[Your task]
The material below holds pictures, which are to be left out; copy exactly the lines from the one with "Bo*te*ga ve*ne*ta mini pouch" through the one with "mercedes-benz-tridy-e-220d-4matic-amg - 3".

[Dataset extract]
——————————

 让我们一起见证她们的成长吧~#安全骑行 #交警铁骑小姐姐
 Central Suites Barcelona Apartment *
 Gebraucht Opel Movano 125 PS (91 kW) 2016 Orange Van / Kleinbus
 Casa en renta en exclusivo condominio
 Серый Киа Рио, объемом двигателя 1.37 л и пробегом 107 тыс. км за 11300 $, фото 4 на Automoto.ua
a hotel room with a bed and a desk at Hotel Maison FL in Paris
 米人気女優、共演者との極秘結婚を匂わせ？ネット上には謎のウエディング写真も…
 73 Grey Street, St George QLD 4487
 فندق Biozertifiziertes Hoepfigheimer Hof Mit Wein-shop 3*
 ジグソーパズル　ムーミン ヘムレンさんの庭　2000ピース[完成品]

——————————

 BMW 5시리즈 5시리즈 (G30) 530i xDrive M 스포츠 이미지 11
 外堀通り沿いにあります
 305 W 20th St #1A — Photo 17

——————————

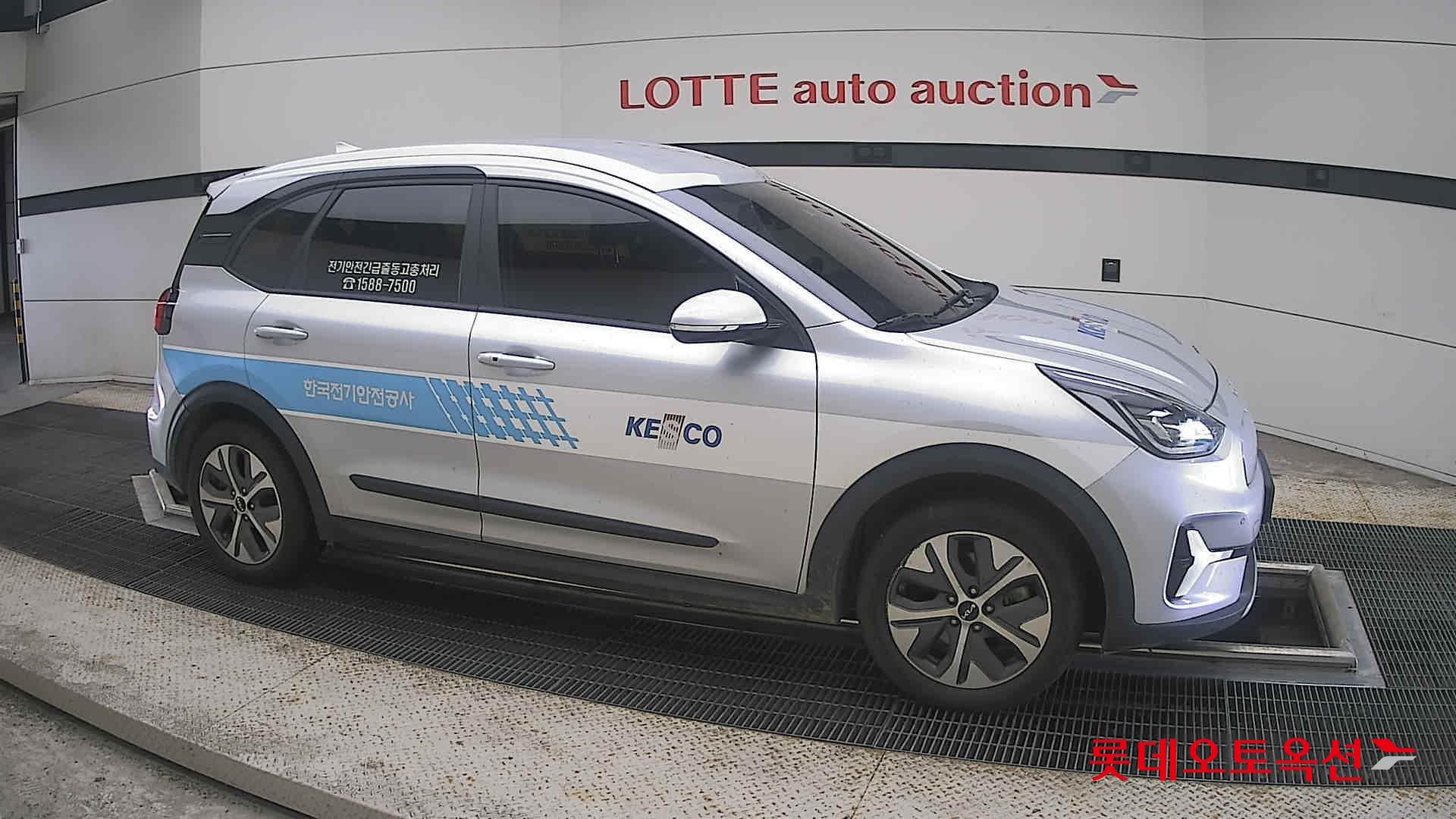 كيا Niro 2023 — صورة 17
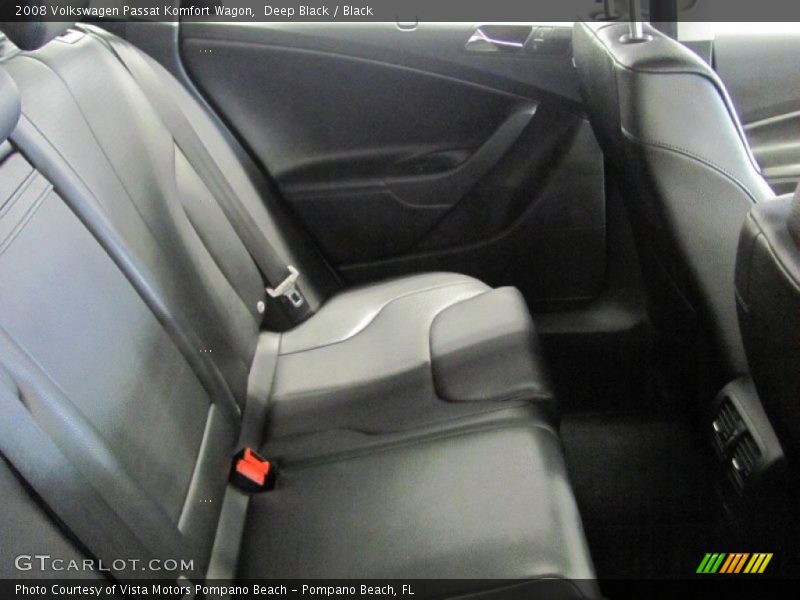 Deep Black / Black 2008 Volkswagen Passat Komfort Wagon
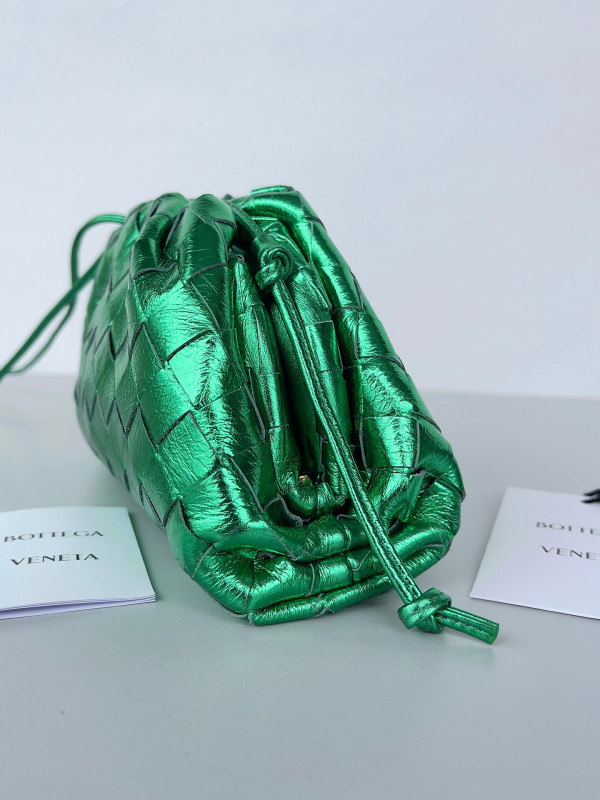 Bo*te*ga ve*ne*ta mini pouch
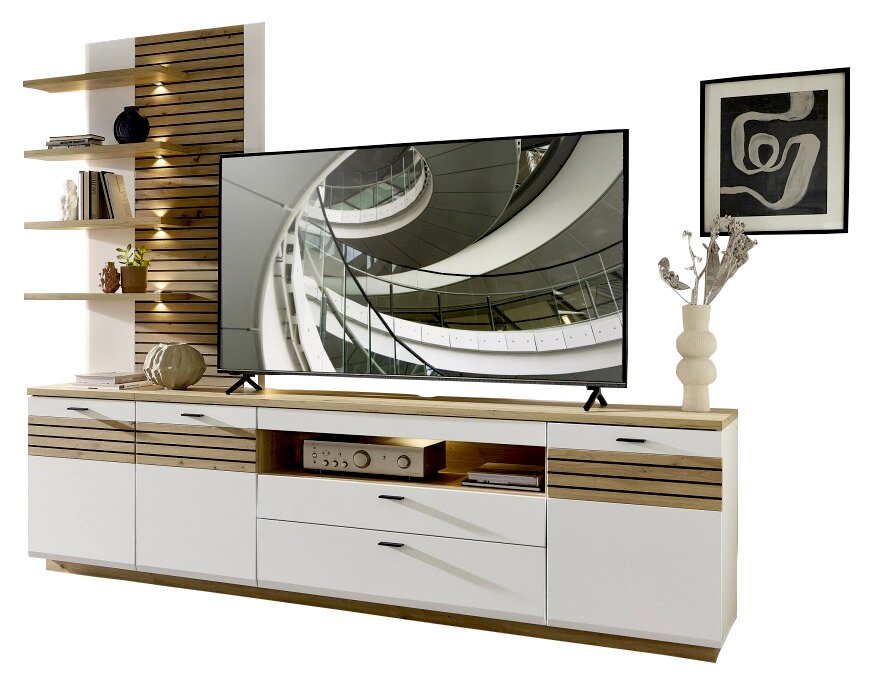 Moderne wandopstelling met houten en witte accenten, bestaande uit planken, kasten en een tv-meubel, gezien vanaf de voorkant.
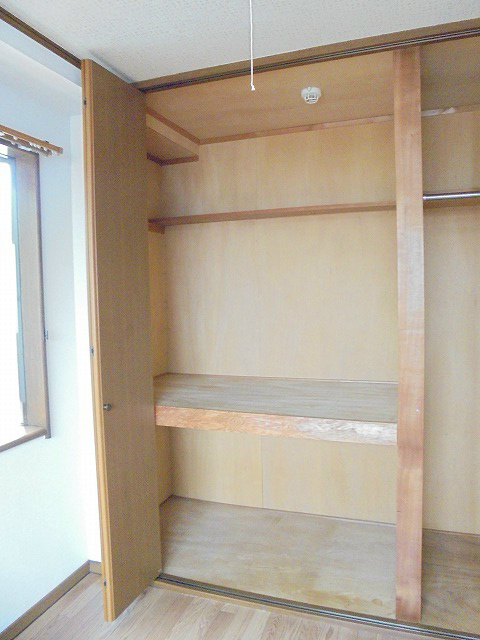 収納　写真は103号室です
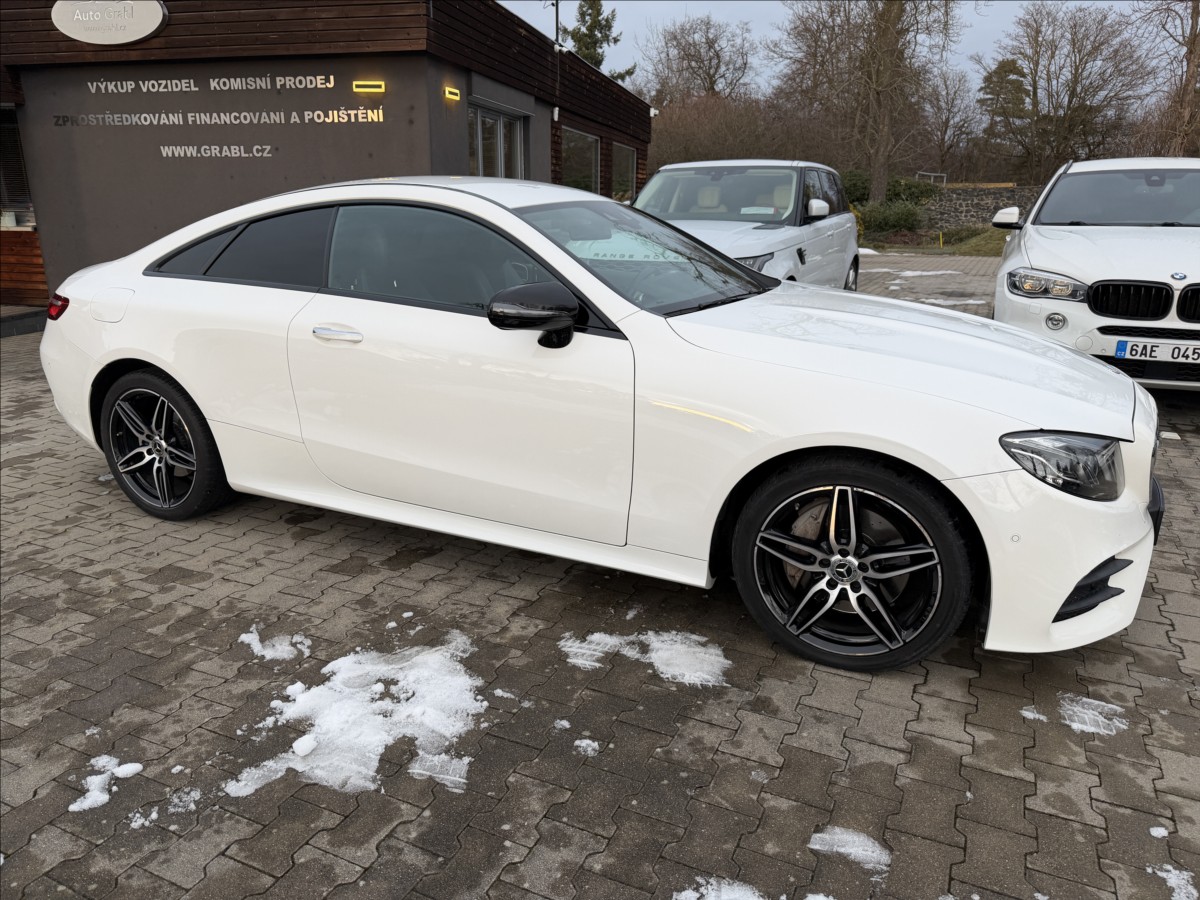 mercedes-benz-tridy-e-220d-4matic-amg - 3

——————————

[Answer to the problem]
 Bo*te*ga ve*ne*ta mini pouch
 Moderne wandopstelling met houten en witte accenten, bestaande uit planken, kasten en een tv-meubel, gezien vanaf de voorkant.
 収納　写真は103号室です
 mercedes-benz-tridy-e-220d-4matic-amg - 3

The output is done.